Sono tutti basati sull’irrazionalità, ho ascoltato una voce da un telefono invisibile. Ho sentito una voce, come i pazzi o come i mistici. A quale delle due categorie preferisco appartenere? Per la mia famiglia credo siano dannosi entrambi: non potrebbero fare più affidamento su di me, neanche per le piccole cose della vita, che non sembrano mai tali mentre le si affrontano, ma sembrano pareti difficili da superare, col rischio di rompersi l’osso del collo in una caduta e portarsi dietro moglie e figli se si precipita,; le piccole cose sono il motivo per cui si spegne la sveglia che trilla all’alba e si va coricarsi mal volentieri alla sera. Perché è così complicata la vita? Serve proprio questo correre, affannarsi, sopravvivere alla burocrazia, agli orari, alle feste comandate, al dovere? Se è vero che sto per morire, tutto quest’affaccendarmi per rispettare i pagamenti delle rate, rinnovare gli abbonamenti, acquistare un nuovo decoder per aver altri cento canali televisivi che si rimbalzano serie e programmi che hanno trasmesso sui trenta che già seguo, ma vuoi mettere? C’è una nuova serie, esclusiva del pacchetto che dovrò comperare, non posso stare senza. Tutto quest’affaccendarmi per rincorrere il superfluo che senso ha? Nessuno.
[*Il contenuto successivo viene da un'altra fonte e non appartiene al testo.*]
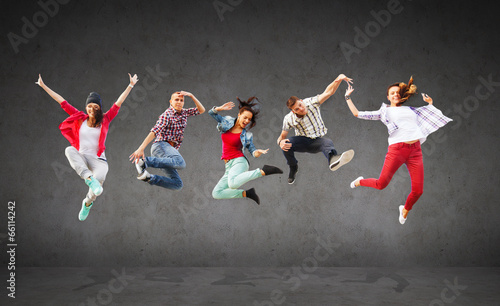  group of teenagers jumping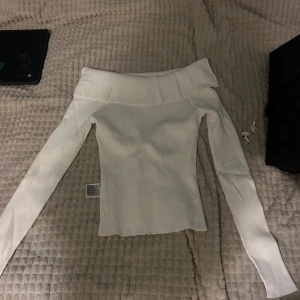 Vit offshoulder tröja - Säljer en stilren vit offshoulder tröja med långa ärmar. Tröjan är ribbad och har en elegant design som passar perfekt för både vardag och speciella tillfällen. Perfekt för att hålla stilen året runt.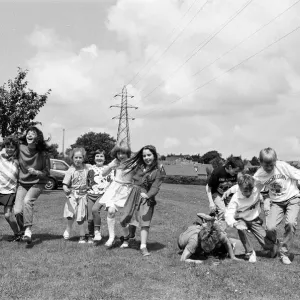 All fall down! Contestants in the three-legged race at Scissett C of E First School All fall down! Contestants in the three-legged race at Scissett C of E First School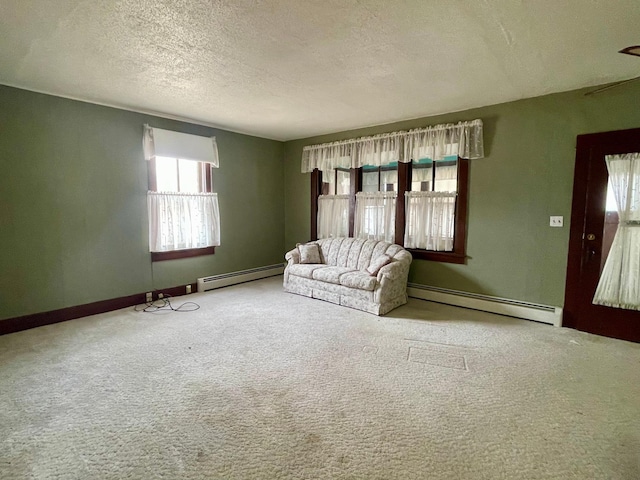 unfurnished living room with carpet floors, a textured ceiling, and baseboard heating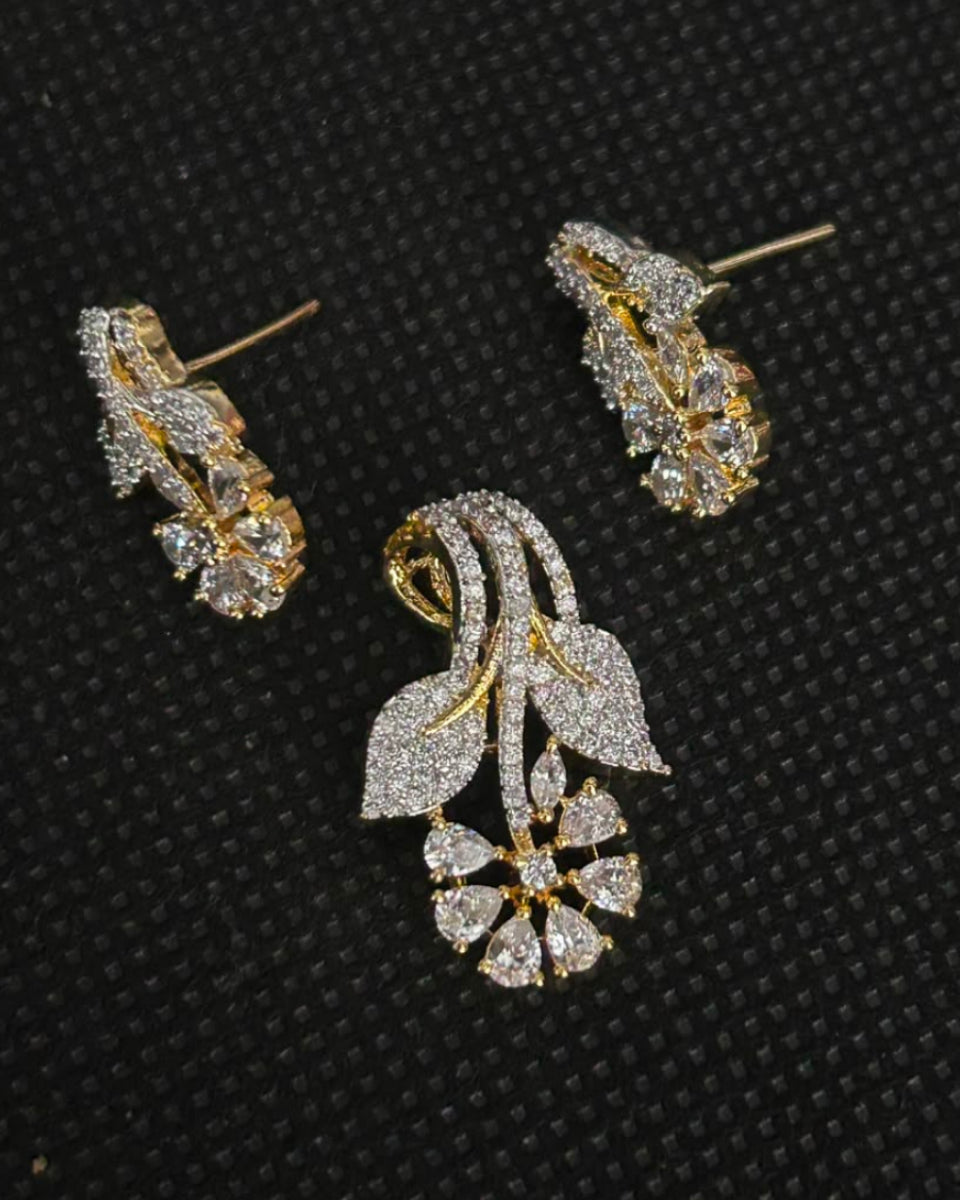 A pair of gold and diamond floral stud earrings displayed on a textured black background.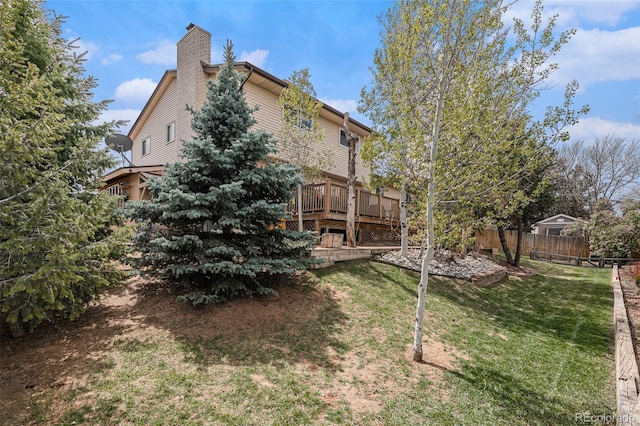 view of yard featuring fence and a wooden deck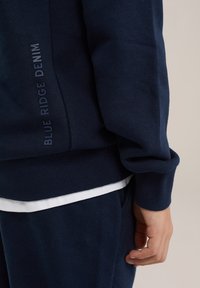 Navy pullover sweatshirt with ribbed cuffs and hem, featuring "BLUE RIDGE DENIM" logo in dark blue along the side, layered over a white shirt.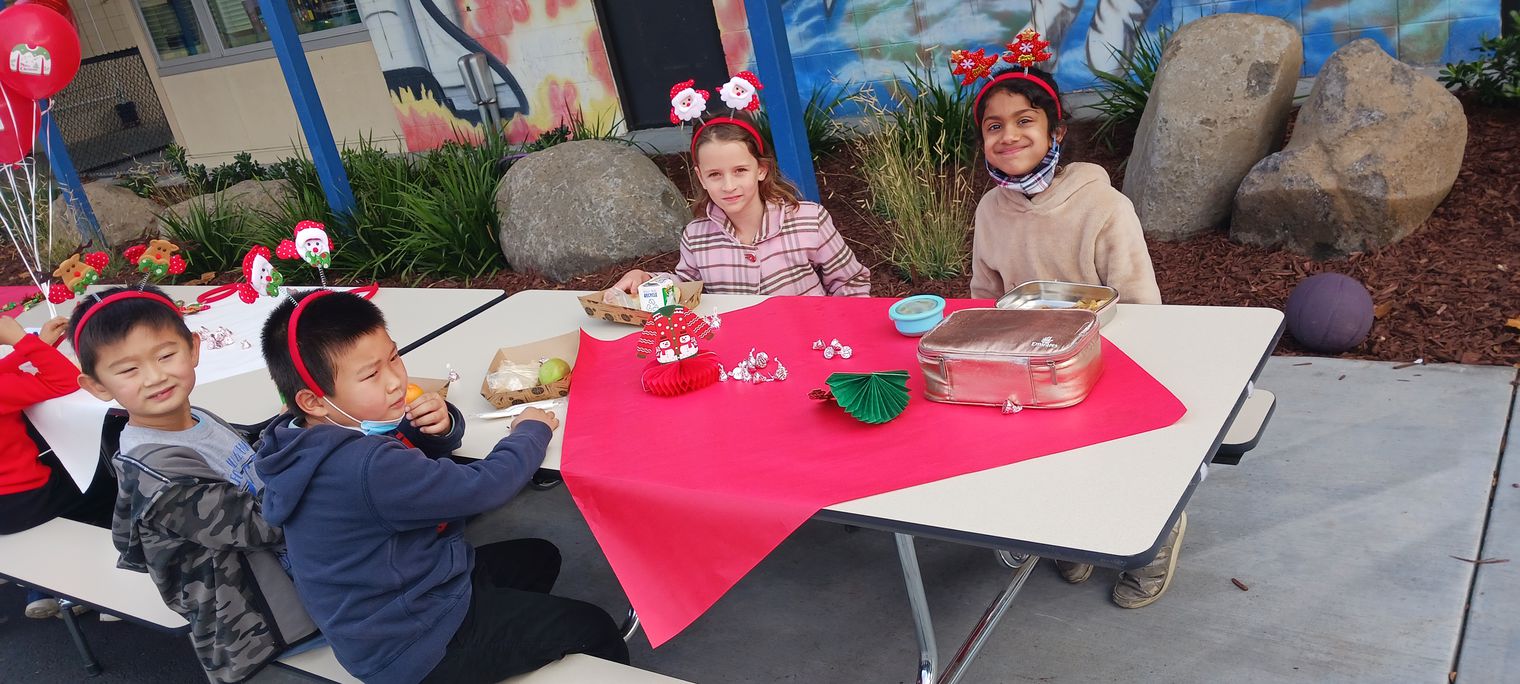 students at holiday decorated table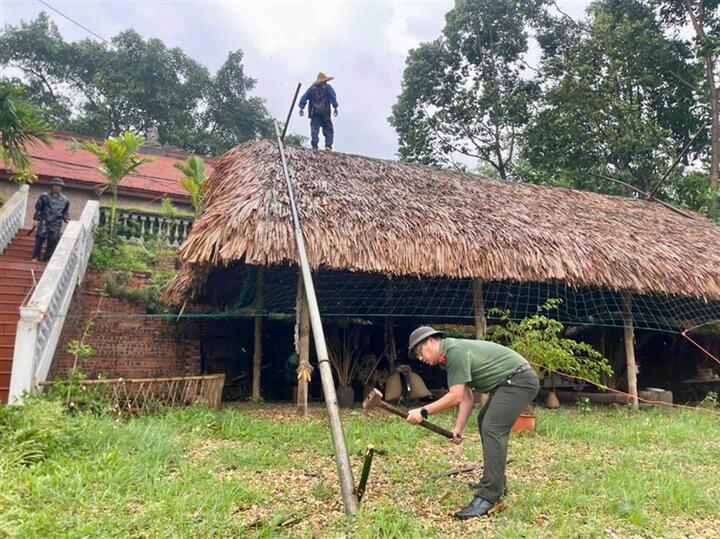 Lực lượng công an các xã giúp dân gia cố mái nhà trước khi bão số 3 đổ bộ vào đất liền. Ảnh Đức Mạnh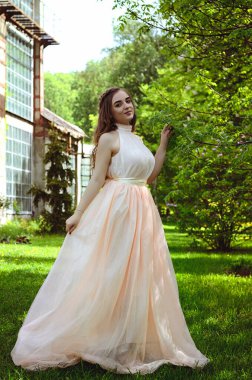 Güneşli bir günde bahar bahçesinde yürüyen çekici genç bir kadının portresi. Bahar arka planı. Kadın Günü. Tebrik kartı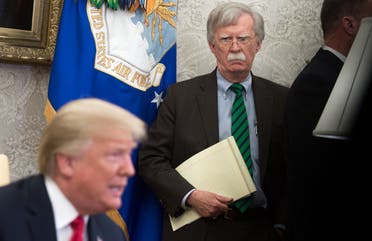In this file photo National Security Adviser John Bolton stands alongside US President Donald Trump as he speaks during a meeting with NATO Secretary General Jens Stoltenberg in the Oval Office of the White House in Washington, DC, May 17, 2018. (AFP)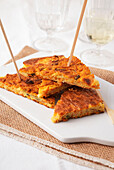 Chickpea and soya milk farinata with sautéed vegetables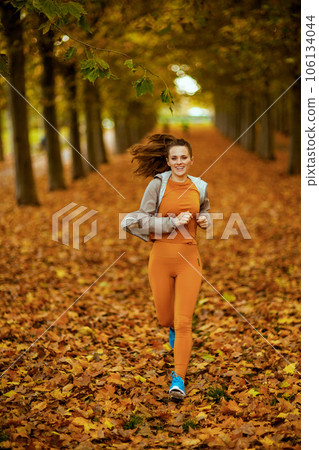 trendy 40 years old woman in fitness clothes in park jogging 106134044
Se la voce ha detto il vero, ho poco tempo e devo scegliere: mi godo quel che rimane o mi dedico alla felicità degli altri?
Se la risposta è: voglio godermi il poco tempo che mi rimane, la domanda che viene di seguito è: perché ho lavorato per rendermi la vita infelice? Se Sara e i ragazzi sono un peso, perché sto con loro? Perché ho messo su famiglia?
Che idea insulsa mi viene quando penso alla ‘frase godersi la vita’, mi immagino nudo su una sdraio ai bordi di una piscina, sole alto, cielo blu e tutto il mondo al mio servizio. Chiedo e mi viene dato. È questa la felicità? Nessuna relazione, solo servi e gente disponibile a pagamento, mi compro tutto.
O la felicità è stata la fatica di capirmi con Sara, accusare Federico di aver messo una basetta elettronica che riproduce lo squillo del telefono e poi chiedergli scusa. Vederli uscire di casa mentre vanno a fare la loro parte nel mondo, Sara che mi ricorda di non imbottirmi di medicinali, osservare dalla finestra quel gatto che in giardino sta facendo la posta a un topo. Non cambierò il mondo, ma posso rendere migliore quel pezzo di mondo che ho attorno a me. Questa è la felicità, presumo, faticare per loro, avere un pensiero gentile per tutti, essere riconoscente a chi mi ha voluto in questo mondo per l’opportunità che mi ha dato; poco importa conoscere il motivo o il tempo che mi è stato concesso, accetto di vivere il presente e lo rendo eterno, finché durerà.